### Creating master index based on features found in filenames

In [None]:
import glob, os, re
from importlib import reload

import numpy as np
import pandas as pd

import seaborn as sns
import matplotlib.pyplot as plt
import matplotlib

import byc
from byc import steady_state_analysis as ssa
from byc import constants, files, utilities, plotting
for pkg in [constants, files, utilities, plotting]:
    reload(pkg)

patterns = constants.patterns
plotting.set_styles(plt, matplotlib)

In [6]:
def find_measdirname_features(measdirpath, feature_patterns):
    """
    Take a micromanager multi-d acquisition output directory, e.g.
    "20210421_pJC031_BY4741_constantOD_250uM-Tet_time000_1", find
    values for different feature categories defined in feature_patterns,
    and return a dictionary of those feature names and their regex
    match objects in a dictionary
    """
    measdirname = os.path.basename(os.path.dirname(measdirpath))
    matches_dict = {}
    sampledf = pd.DataFrame({'sample': measdirname}, index=[0])
    for key, val in feature_patterns.items():
        feature_match = re.search(val, measdirname)
        if feature_match:
            matches_dict[key] = feature_match
            
    matches_dict['path'] = measdirpath.replace(measdirname, '')
    matches_dict['measdirname'] = measdirname
    return matches_dict

def measdf_from_features_dict(features_dict):
    """
    Iterate through each regex match object in the features
    dict, if the feature needs to be quantified, extract the 
    number. If not, extract only the match.group().
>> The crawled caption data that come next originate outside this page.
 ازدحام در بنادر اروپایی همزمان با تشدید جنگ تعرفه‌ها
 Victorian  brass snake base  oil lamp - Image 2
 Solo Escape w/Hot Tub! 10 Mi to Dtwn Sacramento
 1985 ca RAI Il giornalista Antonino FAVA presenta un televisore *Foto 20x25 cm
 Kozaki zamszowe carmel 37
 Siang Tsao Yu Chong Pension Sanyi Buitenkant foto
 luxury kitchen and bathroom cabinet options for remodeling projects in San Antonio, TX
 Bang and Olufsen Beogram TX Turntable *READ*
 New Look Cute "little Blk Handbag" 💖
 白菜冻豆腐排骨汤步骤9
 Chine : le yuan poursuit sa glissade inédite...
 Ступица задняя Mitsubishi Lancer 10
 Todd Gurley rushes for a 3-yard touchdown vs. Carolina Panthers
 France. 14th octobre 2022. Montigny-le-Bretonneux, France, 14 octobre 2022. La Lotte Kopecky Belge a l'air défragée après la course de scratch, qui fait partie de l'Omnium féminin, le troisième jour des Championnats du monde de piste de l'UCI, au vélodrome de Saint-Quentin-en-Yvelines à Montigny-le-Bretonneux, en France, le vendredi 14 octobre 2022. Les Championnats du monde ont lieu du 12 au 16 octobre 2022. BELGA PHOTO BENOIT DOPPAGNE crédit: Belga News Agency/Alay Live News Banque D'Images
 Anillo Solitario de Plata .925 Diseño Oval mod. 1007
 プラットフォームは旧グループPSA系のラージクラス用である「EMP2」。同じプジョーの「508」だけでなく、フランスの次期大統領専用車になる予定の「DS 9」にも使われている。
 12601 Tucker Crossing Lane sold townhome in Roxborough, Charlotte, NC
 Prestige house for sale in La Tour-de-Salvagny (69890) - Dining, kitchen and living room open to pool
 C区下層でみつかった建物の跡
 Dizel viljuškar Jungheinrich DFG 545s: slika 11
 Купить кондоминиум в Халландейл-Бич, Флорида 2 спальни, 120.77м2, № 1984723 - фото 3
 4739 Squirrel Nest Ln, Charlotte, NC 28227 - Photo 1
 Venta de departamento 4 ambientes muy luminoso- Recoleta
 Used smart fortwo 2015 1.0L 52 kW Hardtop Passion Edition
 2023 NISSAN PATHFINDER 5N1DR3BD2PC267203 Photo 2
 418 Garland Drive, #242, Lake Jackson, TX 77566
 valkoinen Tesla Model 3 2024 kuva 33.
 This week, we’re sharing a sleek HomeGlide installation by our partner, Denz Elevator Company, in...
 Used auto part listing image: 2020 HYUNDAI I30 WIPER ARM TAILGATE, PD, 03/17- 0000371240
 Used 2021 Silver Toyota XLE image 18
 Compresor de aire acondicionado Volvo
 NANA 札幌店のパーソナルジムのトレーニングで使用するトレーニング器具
Then put
    these feature names and values into a single row dataframe
    for the measurement
    
    Return the dataframe
    """

    for key, val in features_dict.items():
        group0_vars = ['tet_concn',
                       'estradiol_concn']
        group1_vars = ['minutes',
                       'clone_number']
        # Some information annotated in find_measdirname_features
        # is already a string etc., so only extract groups if
        # the value in the features_dict is actually an re.Match
        if type(val) == re.Match:
            if key in group1_vars:
                number = val.groups()[1]
                features_dict[key] = np.float(number)
            elif key in group0_vars:
                number = val.groups()[0]
                features_dict[key] = np.float(number)
            else:
                value = val.group()
                features_dict[key] = value

    measdf = pd.DataFrame(features_dict, index=[0])
    return measdf

def make_ss_mdf(exptname, **kwargs):
    """
    Create and save master index made by scanning the directory
    matching `exptname` in constants.steady_state_data_dir
    and looking for features in those micromanager output
    directories defined in featuer_patterns
    """
    write_mdf = kwargs.get('write_mdf', True)
    return_mdf = kwargs.get('write_mdf', True)
    ssdir = constants.steady_state_data_dir
    exptdir = os.path.join(ssdir, exptname)
    datadir = os.path.join(exptdir, 'data')
    measdirpaths = glob.glob(f"{datadir}/*/")
    measdirpaths = [p for p in measdirpaths if os.path.isdir(p)]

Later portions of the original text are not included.